* [Assignment] Each line in the material below, starting at the one that contains "Hipster icons set" and ending at the one that contains "Nun Habit Leg", should be repeated exactly; the pictures should not.

* [Data supplied]
▬▬▬

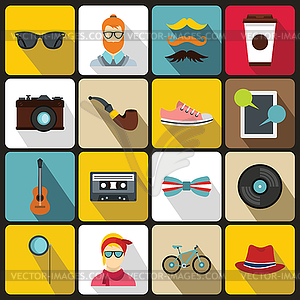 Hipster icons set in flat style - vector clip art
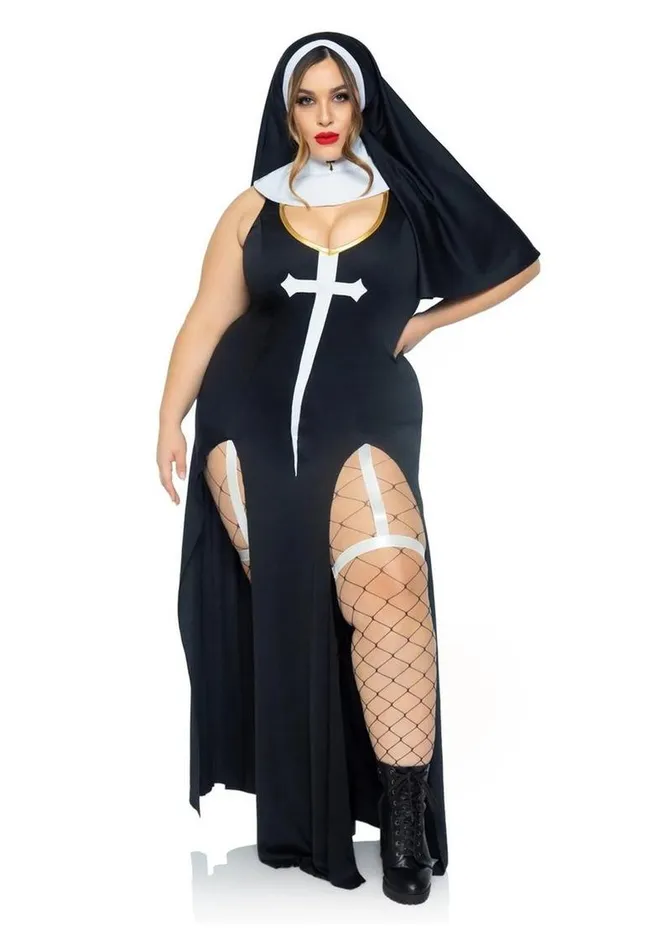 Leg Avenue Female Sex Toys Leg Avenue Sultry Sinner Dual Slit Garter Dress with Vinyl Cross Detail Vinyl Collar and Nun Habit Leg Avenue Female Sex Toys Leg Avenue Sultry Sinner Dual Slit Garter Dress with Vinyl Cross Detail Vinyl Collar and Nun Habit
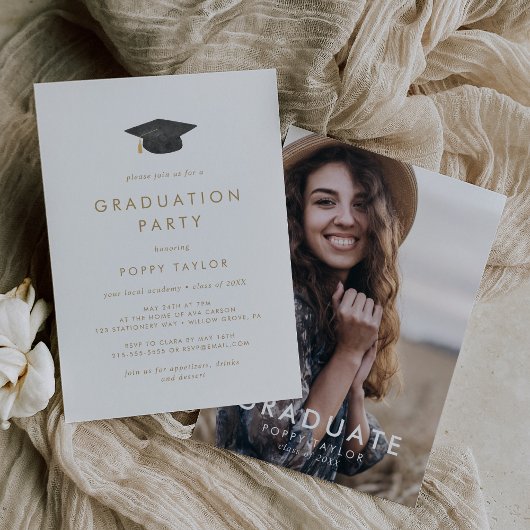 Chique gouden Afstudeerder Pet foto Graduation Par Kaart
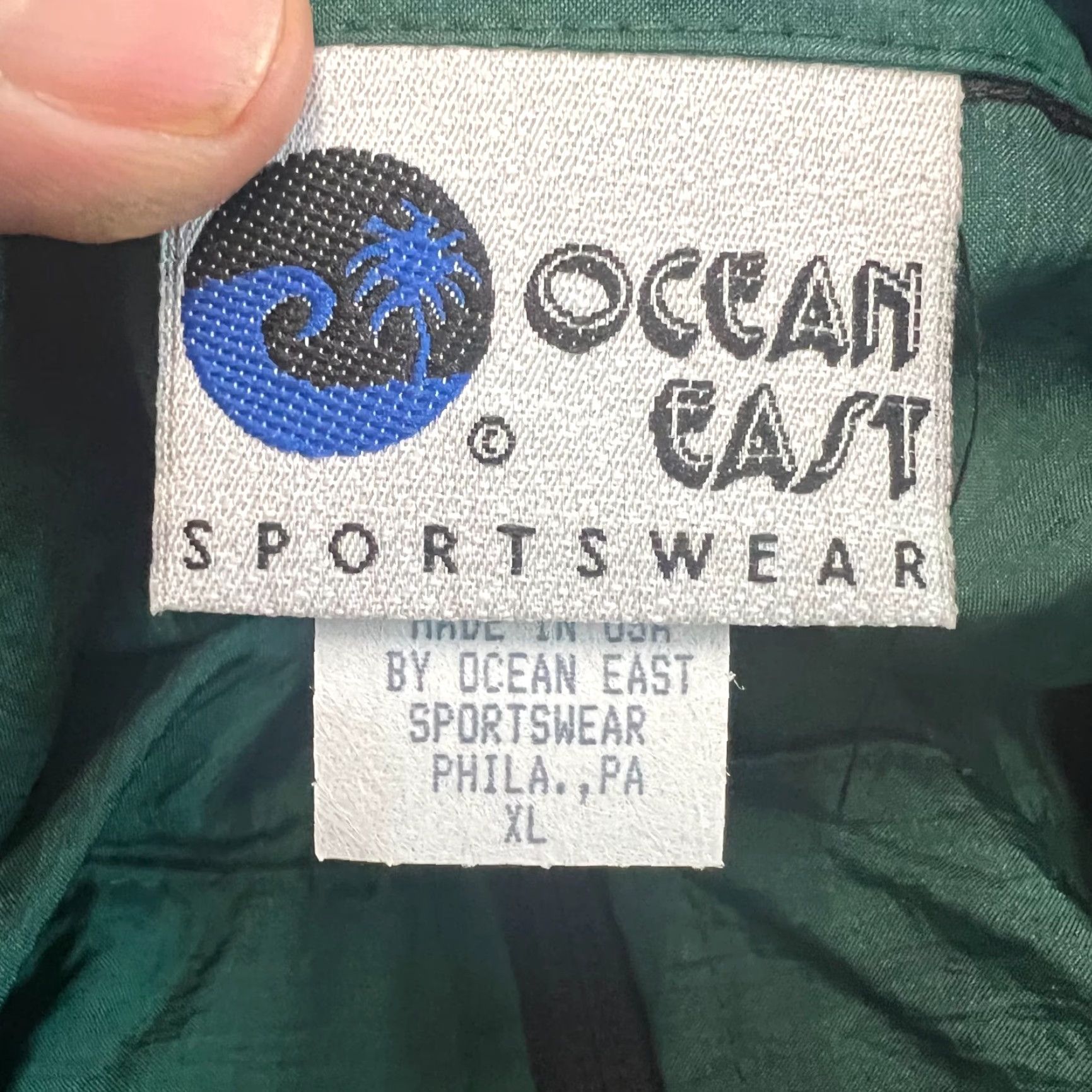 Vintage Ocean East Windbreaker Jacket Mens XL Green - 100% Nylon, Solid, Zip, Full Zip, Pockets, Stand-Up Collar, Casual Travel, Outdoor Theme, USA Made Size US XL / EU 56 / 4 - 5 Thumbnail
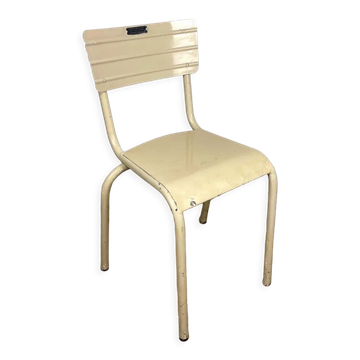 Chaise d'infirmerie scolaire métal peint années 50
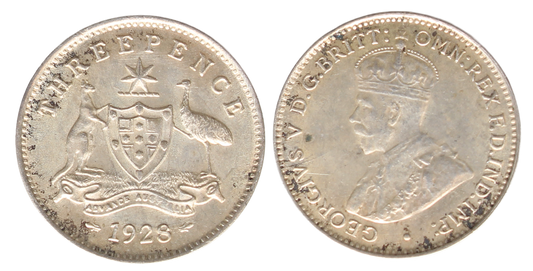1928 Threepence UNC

▬▬▬

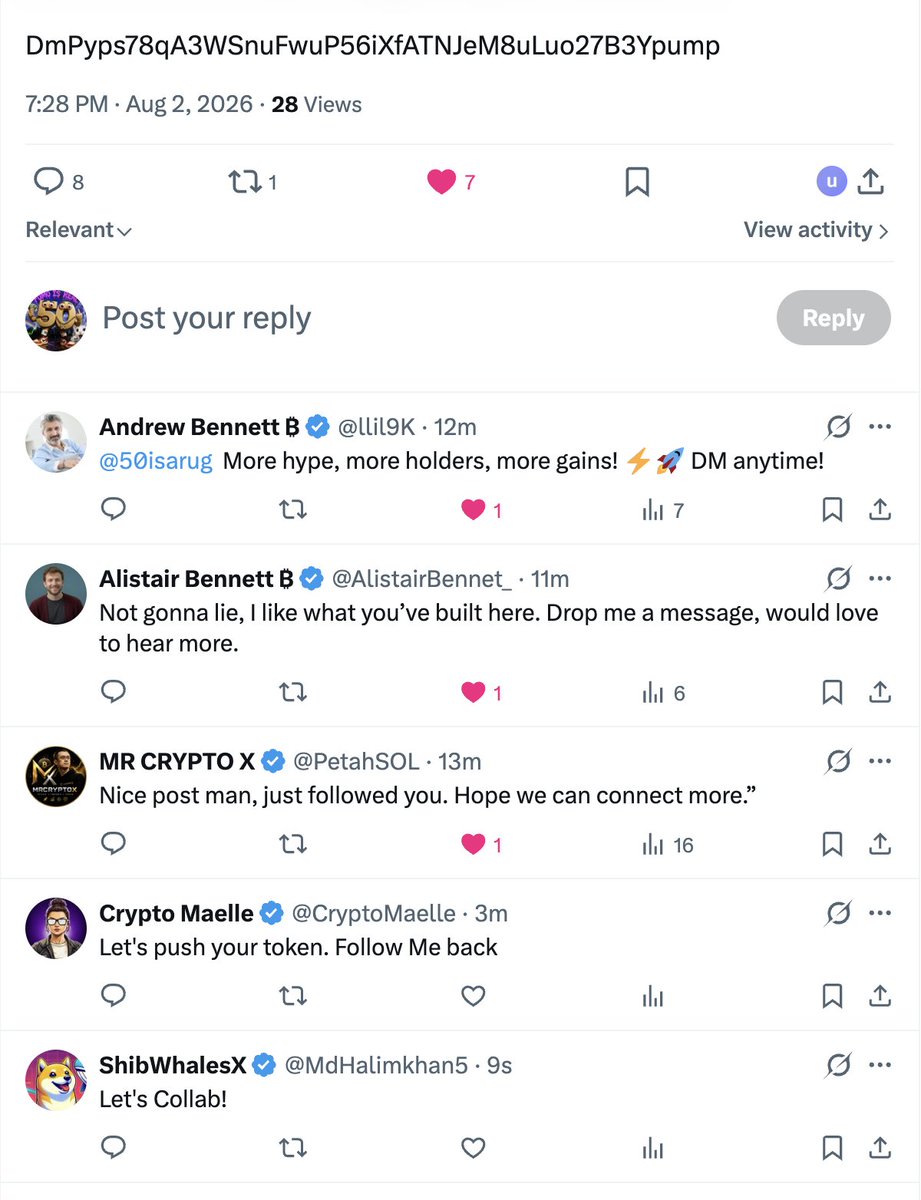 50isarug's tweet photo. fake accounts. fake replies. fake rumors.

▬▬▬

* [Result below]
 Hipster icons set in flat style - vector clip art
 Leg Avenue Female Sex Toys Leg Avenue Sultry Sinner Dual Slit Garter Dress with Vinyl Cross Detail Vinyl Collar and Nun Habit Leg Avenue Female Sex Toys Leg Avenue Sultry Sinner Dual Slit Garter Dress with Vinyl Cross Detail Vinyl Collar and Nun Habit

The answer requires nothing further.